With many of the spending cuts announced in the Comprehensive Spending Review not even in effect yet, we knew this was always going to be a Budget that was a bit short on radical changes. With the public mood already sceptical on the way the cuts are being implemented (see Andrew Hawkins from last month for more on this) Osborne had a careful balancing act to perform to stay within the parameters set by the CSR while avoiding the appearance of more unpopular cuts.
And he did it. As our word cloud version of his speech demonstrates, the word ‘cuts’ was barely to be seen. Instead, we had ‘growth’, ‘stability’ and ‘jobs’, backed up by the announcement of eleven new enterprise zones (one of which will be conveniently located in the vicinity of Nick Clegg’s Sheffield constituency), a further increase to the personal income tax allowance and a voter-friendly reduction in fuel duty.
The high profile areas where Labour could have made some inroads where neatly dodged, too. He cut corporation tax to 1% to make the UK more attractive for businesses, but compensated by increasing the banking levy to make sure that the banks don’t benefit, something that the Eds Miliband and Balls had definitely been hoping to attack him on.
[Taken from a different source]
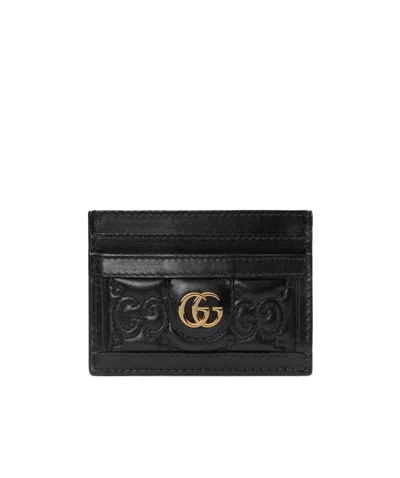 Gucci Gg Matelassé Card Holder In Black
Merging income tax with national insurance, a potentially very controversial measure, was mentioned and a consultation launched, but no further action taken. On fuel, a topic that the Balls camp has been relentlessly pushing for the past few weeks, he introduced a ‘fair fuel stabiliser’ and instead of implementing a planned rise in fuel duty, he cut it by 1p.
This last move epitomises the cunning success of Osborne’s Budget. Through judicious leaks and confident delivery, he’s managed to make abolishing a price increase that hadn’t actually happened yet seem like a singularly generous and positive move while simultaneously removing some of the shadow treasury team’s best ammunition. All they were left
The fuel duty cut will no doubt dominate the media coverage tomorrow, meaning that more complex, less populist measures slide past relatively unnoticed. For instance, he didn’t announce anything that would prevent oil companies upping their prices to accommodate the increased tax burden they will now face – Danny Alexander was on the BBC straight afterwards telling Stephanie Flanders that they would “keep an eye on it”. Also, as Sky’s Sophy Ridge has rightly pointed out, linking the tax thresholds to CPI rather than RPI will catch more taxpayers in the higher rate, generating more revenue for the Treasury.
Most of all though, as Ed Miliband's Twitter feed pointed out shortly after the Budget statement, this was a 'growth' budget in which the Chancellor had to announce that the growth forecasts have had to be revised downwards - something he managed to bury relatively successfully.
Osborne couldn’t resist wrapping up his speech with a cheesy pun, vowing “to put fuel into the tank of the British economy”. And why not? Today he managed to turn what could have been a defensive damage-limitation exercise into a political victory.













Comments
Phil / March 23 2011 7:52pm
The Corporation Tax cut will be very good for biz but what stands out for me is the fuel decrease of 5p a gallon and increase in income tax thresholds which is in stark contrast to not so much as a brass farthing from Brown and Balls in thirteen years of stealth taxes in every budget and more of the same to follow.When has Labour ever given "the working man" as opposed to the "client state employee/beneficiary" anything back apart from another tax in all the years when our money was spent like water?
New Politics Foundation / March 25 2011 9:39am
It was certainly a budget that got headlines but it was lacklustre. As few good things for small/medium business. Corporation Tax cut (although we already know big business get away with not paying the full rate), and less red tape. Let’s, not forget a 1p decrease in petrol duty does not make up for the fact Mr Osborne increased it by 3p in January with the VAT rise. New homes starter see my blog on: http://npoliticsf.wordpress.com/ which is the reality in the housing market. Green bank – how it is going to be structured I doubt if there will be a massive take-up. Overall, if he a stood up and not don’t anything it would have not mattered.